#### [EXTRACTED DATA]
++++++

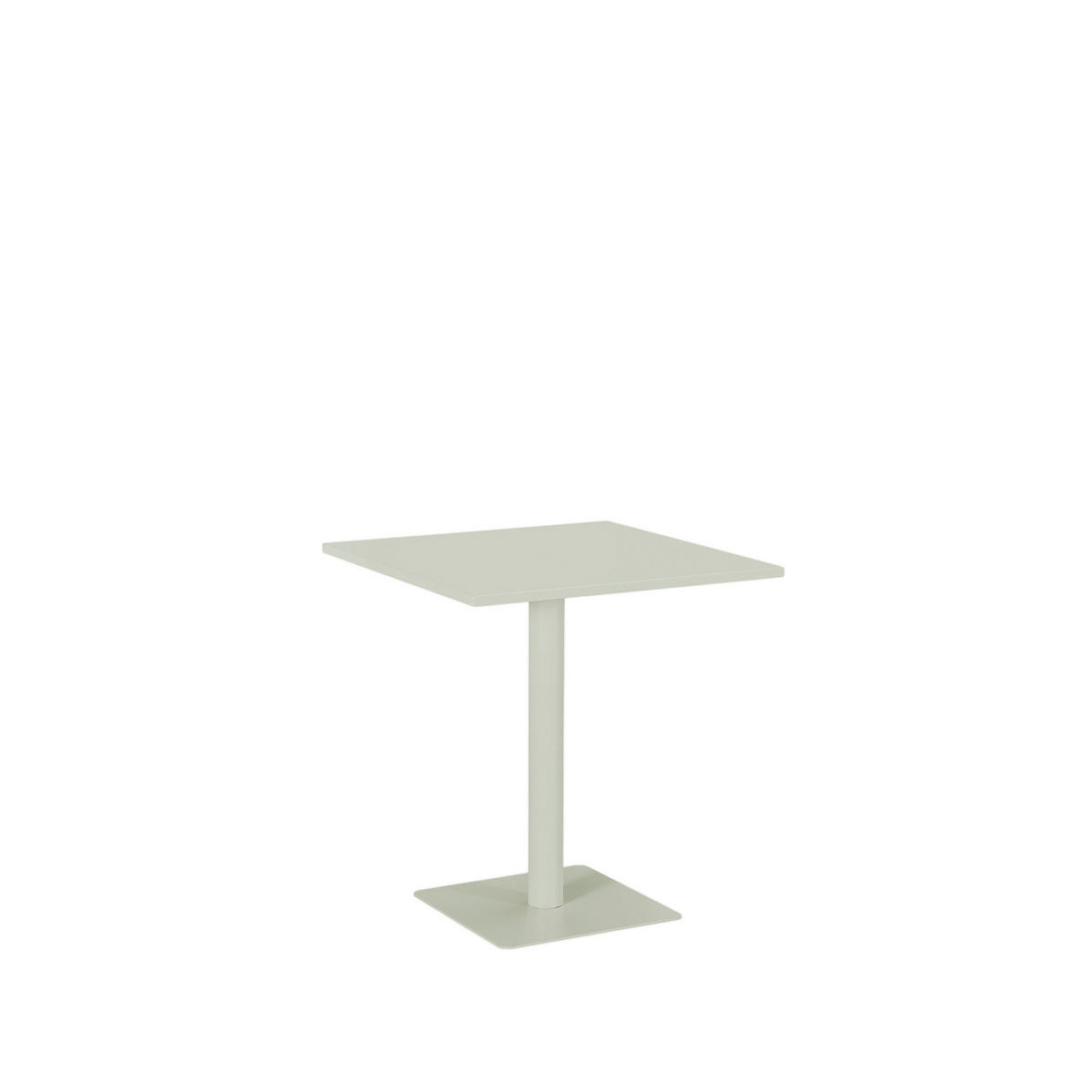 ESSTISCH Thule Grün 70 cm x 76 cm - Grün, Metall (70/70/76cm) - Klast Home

++++++

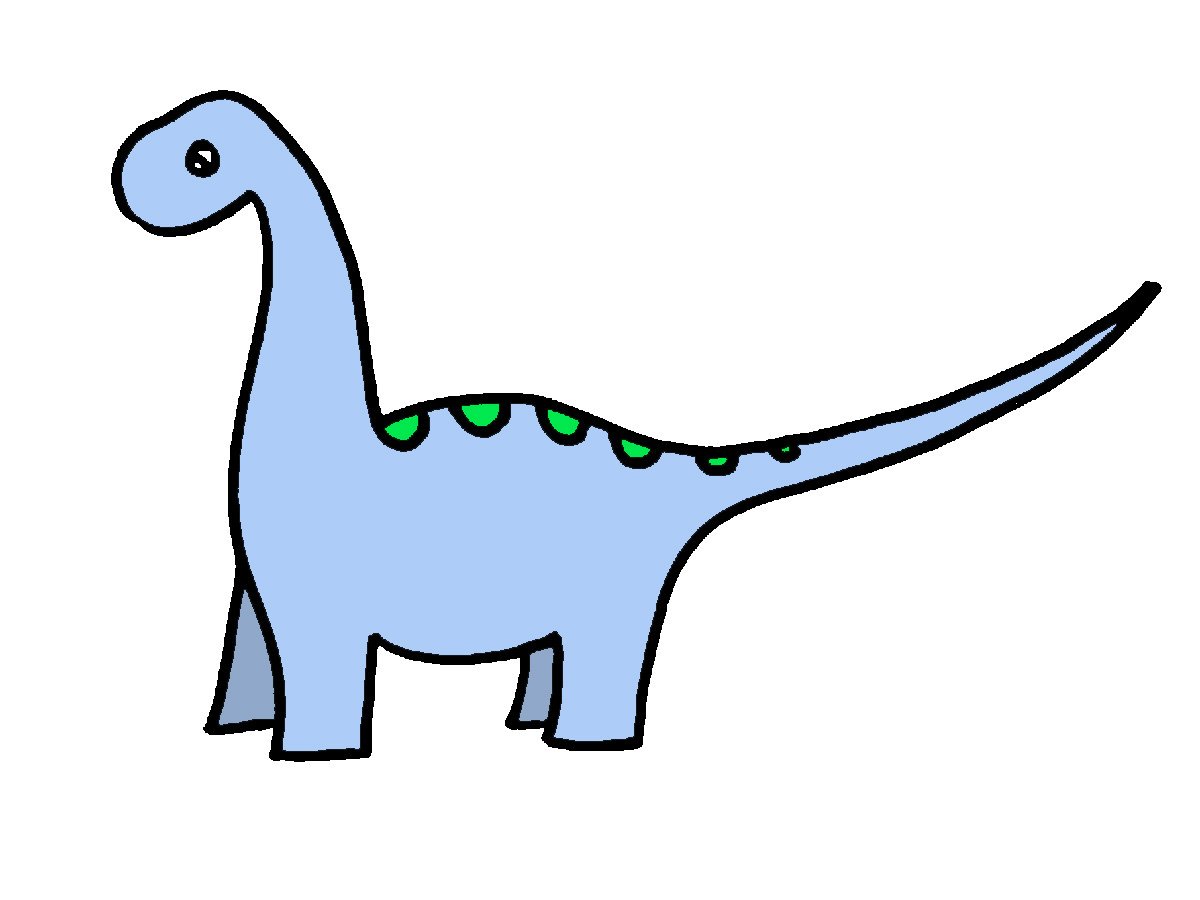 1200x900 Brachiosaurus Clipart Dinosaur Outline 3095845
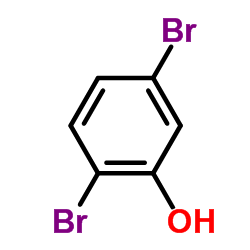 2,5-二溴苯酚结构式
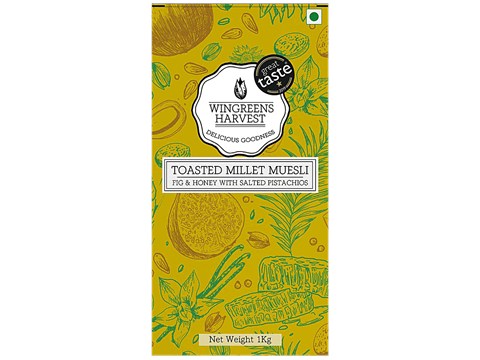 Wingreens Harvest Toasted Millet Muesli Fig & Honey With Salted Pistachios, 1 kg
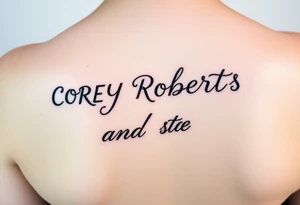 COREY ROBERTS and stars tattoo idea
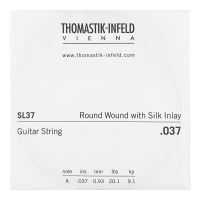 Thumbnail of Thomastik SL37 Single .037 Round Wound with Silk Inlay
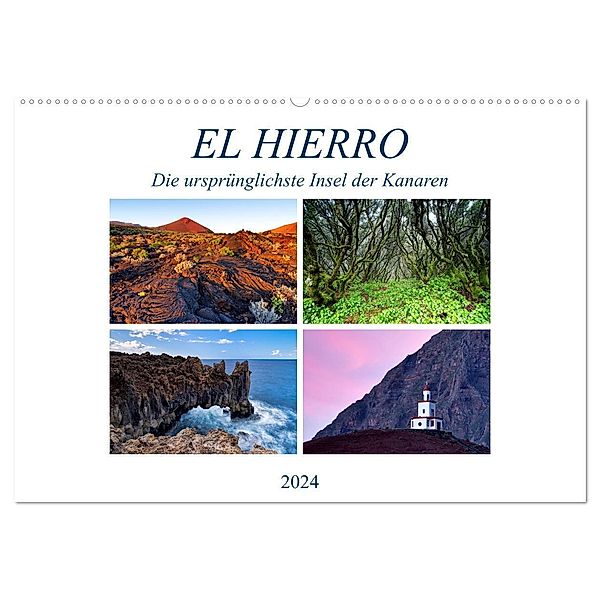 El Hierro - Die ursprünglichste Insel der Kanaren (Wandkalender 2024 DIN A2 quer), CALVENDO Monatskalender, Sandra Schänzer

++++++

#### [ACTION ITEM]
Of the lines above, copy only those from the one holding "COREY ROBERTS and stars tattoo idea" to the one holding "El Hierro - Die", both included, and exclude every image.

#### [REPLY]
 COREY ROBERTS and stars tattoo idea
 Thumbnail of Thomastik SL37 Single .037 Round Wound with Silk Inlay
 El Hierro - Die ursprünglichste Insel der Kanaren (Wandkalender 2024 DIN A2 quer), CALVENDO Monatskalender, Sandra Schänzer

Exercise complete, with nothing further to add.